[Task item]
Copy the data exactly from the line that contains "14918 Milverton Rd #3 — Photo 23" through the line that contains "루이비통 2026SS 모노그램", keeping both end lines and leaving out everything else.

[Dataset extract]
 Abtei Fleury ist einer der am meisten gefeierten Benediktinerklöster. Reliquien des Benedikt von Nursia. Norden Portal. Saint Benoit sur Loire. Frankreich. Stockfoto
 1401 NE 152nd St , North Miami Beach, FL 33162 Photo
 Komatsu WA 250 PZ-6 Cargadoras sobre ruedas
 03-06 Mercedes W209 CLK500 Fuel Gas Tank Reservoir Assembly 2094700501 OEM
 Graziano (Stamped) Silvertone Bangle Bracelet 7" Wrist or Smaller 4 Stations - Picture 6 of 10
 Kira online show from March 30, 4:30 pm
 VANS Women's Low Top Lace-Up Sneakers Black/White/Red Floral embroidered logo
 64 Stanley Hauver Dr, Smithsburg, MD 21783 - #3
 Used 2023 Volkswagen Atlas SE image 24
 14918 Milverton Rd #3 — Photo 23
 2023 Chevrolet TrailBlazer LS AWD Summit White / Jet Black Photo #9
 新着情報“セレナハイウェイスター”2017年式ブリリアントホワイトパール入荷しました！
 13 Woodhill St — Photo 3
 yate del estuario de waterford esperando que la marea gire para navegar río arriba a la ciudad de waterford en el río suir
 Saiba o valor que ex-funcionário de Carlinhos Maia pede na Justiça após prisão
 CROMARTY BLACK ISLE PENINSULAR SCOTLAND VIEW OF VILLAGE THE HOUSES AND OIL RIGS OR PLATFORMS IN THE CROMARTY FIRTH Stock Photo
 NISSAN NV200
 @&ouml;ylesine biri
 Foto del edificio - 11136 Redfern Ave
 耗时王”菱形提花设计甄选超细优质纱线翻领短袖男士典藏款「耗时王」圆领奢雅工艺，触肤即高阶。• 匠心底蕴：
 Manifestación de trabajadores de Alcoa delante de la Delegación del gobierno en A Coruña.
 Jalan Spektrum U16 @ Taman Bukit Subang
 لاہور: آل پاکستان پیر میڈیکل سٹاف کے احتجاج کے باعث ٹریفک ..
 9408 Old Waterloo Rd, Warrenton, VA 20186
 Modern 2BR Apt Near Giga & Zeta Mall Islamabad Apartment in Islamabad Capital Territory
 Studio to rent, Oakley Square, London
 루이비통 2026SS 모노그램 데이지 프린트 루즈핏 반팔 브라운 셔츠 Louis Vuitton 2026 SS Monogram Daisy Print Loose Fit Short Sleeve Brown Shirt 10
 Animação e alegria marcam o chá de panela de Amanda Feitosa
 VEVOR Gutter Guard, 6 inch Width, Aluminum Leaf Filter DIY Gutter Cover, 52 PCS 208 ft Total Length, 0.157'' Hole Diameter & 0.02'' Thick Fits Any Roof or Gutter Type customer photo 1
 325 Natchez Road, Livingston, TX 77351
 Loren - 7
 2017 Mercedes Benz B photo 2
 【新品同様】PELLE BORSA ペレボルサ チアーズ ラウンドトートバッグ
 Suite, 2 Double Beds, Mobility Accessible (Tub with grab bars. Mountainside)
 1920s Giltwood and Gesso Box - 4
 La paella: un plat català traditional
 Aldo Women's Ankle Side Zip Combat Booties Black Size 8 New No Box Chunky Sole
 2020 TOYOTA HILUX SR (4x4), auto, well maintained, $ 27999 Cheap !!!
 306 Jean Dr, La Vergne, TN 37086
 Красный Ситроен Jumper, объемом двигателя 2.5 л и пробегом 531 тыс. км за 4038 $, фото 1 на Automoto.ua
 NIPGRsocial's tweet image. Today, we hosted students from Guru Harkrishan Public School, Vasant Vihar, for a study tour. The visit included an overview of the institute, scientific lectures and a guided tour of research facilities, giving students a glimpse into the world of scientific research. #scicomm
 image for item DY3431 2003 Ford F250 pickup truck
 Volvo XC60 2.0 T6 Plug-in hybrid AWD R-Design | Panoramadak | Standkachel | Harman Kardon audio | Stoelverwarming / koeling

[Answer for the task]
 14918 Milverton Rd #3 — Photo 23
 2023 Chevrolet TrailBlazer LS AWD Summit White / Jet Black Photo #9
 新着情報“セレナハイウェイスター”2017年式ブリリアントホワイトパール入荷しました！
 13 Woodhill St — Photo 3
 yate del estuario de waterford esperando que la marea gire para navegar río arriba a la ciudad de waterford en el río suir
 Saiba o valor que ex-funcionário de Carlinhos Maia pede na Justiça após prisão
 CROMARTY BLACK ISLE PENINSULAR SCOTLAND VIEW OF VILLAGE THE HOUSES AND OIL RIGS OR PLATFORMS IN THE CROMARTY FIRTH Stock Photo
 NISSAN NV200
 @&ouml;ylesine biri
 Foto del edificio - 11136 Redfern Ave
 耗时王”菱形提花设计甄选超细优质纱线翻领短袖男士典藏款「耗时王」圆领奢雅工艺，触肤即高阶。• 匠心底蕴：
 Manifestación de trabajadores de Alcoa delante de la Delegación del gobierno en A Coruña.
 Jalan Spektrum U16 @ Taman Bukit Subang
 لاہور: آل پاکستان پیر میڈیکل سٹاف کے احتجاج کے باعث ٹریفک ..
 9408 Old Waterloo Rd, Warrenton, VA 20186
 Modern 2BR Apt Near Giga & Zeta Mall Islamabad Apartment in Islamabad Capital Territory
 Studio to rent, Oakley Square, London
 루이비통 2026SS 모노그램 데이지 프린트 루즈핏 반팔 브라운 셔츠 Louis Vuitton 2026 SS Monogram Daisy Print Loose Fit Short Sleeve Brown Shirt 10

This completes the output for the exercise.